O Globo
Escondidas na casa de
amigas, enterrando seus celulares e sem acesso à internet, 270 magistradas
afegãs pedem ao governo brasileiro asilo humanitário e um avião que as traga ao
país. Em carta enviada à Associação Brasileira de Juízas, 100 integrantes da associação
afegã afirmam que já receberam recado de que correm risco de vida.
O Superior Tribunal
Militar (STM) brasileiro também foi acionado e começou a agir.
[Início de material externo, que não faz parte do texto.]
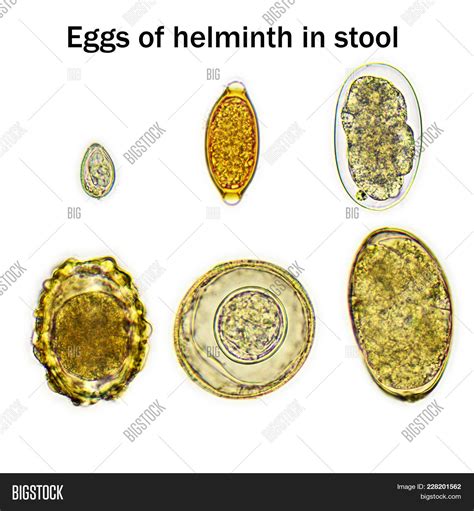 Mixed Helminths Stool Image & Photo (Free Trial) | Bigstock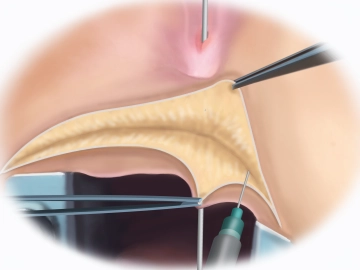 Fistula Probing, NaCl Injection, and Transverse Incision at the Perineum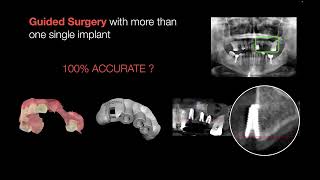 ACCURACY OF GUIDED SURGERY COMMON MISTAKES PART 2 [upl. by Manoop]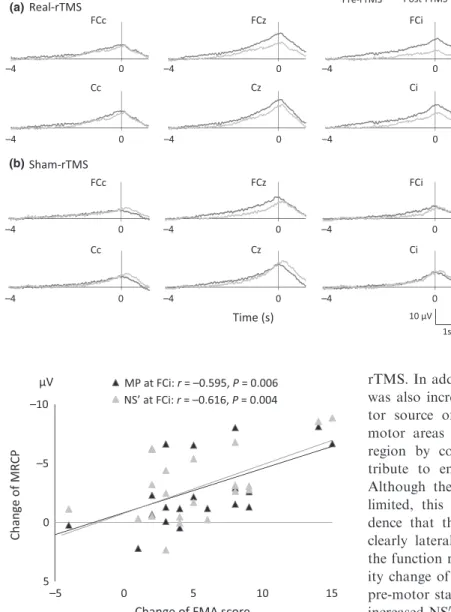 Figure 3 MRCP generated by aﬀected hand movement at six electrode sites before (grey) and after (black) rTMS for (a) the real group and (b) the sham group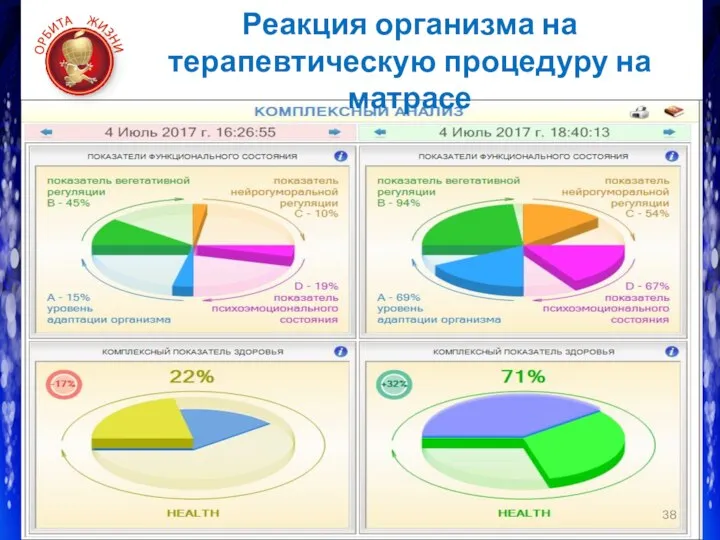 Реакция организма на терапевтическую процедуру на матрасе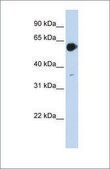 Anti-RARA antibody produced in rabbit affinity isolated antibody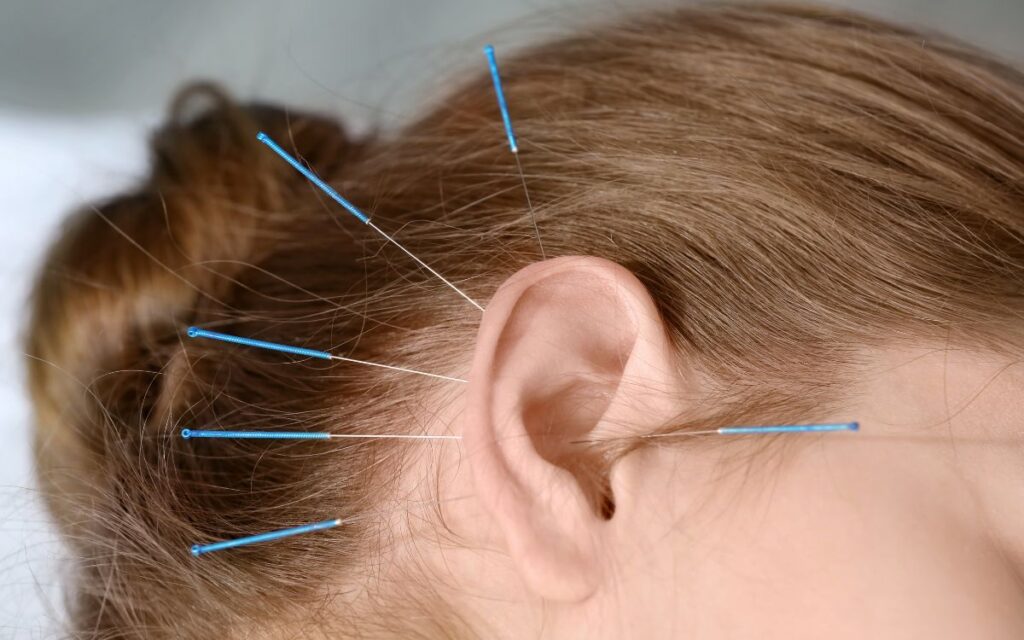 acupuntura comunitaria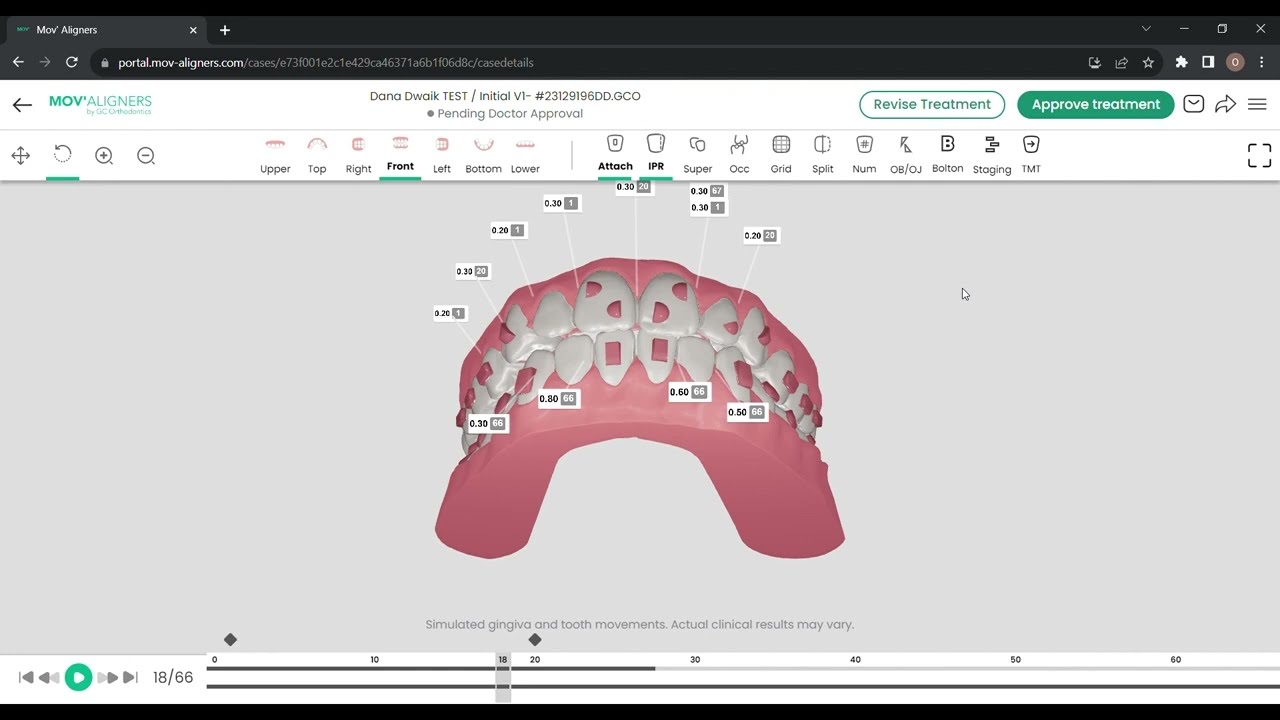 MOV'ALIGNERS platform walkthrough
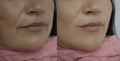 Woman face wrinkles before and after saggy patient double chin treatment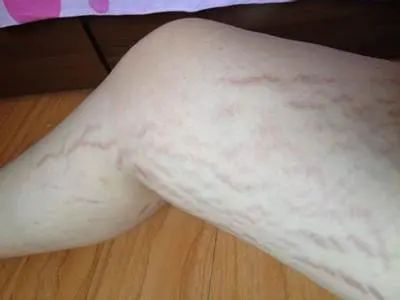 为什么体重下降反而脸变圆了,突然脸圆了一圈体重降了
O presidente da
corte, ministro Luis Carlos Gomes Matos, teve na última semana conversas com o
ministro da Secretaria Geral da Presidência, general Luiz Eduardo Ramos,
pedindo que o governo se posicione. O pedido de socorro humanitário foi enviado
no último dia 25.
— Elas estão escondidas e
sob grande risco, porque grande parte das juízas condenaram homens, inclusive
talibãs. Muitas delas já foram avisadas de que estão sob a mira do novo regime.
O agravante é que estão incomunicáveis. O pedido chegou até a Associação
Internacional de Juízas, que nos enviou, por contar com a ajuda do Brasil, um
dos países signatários do tratado internacional de direitos humanos, explicou a
juíza Amini Haddad Campos, representante da associação no Brasil.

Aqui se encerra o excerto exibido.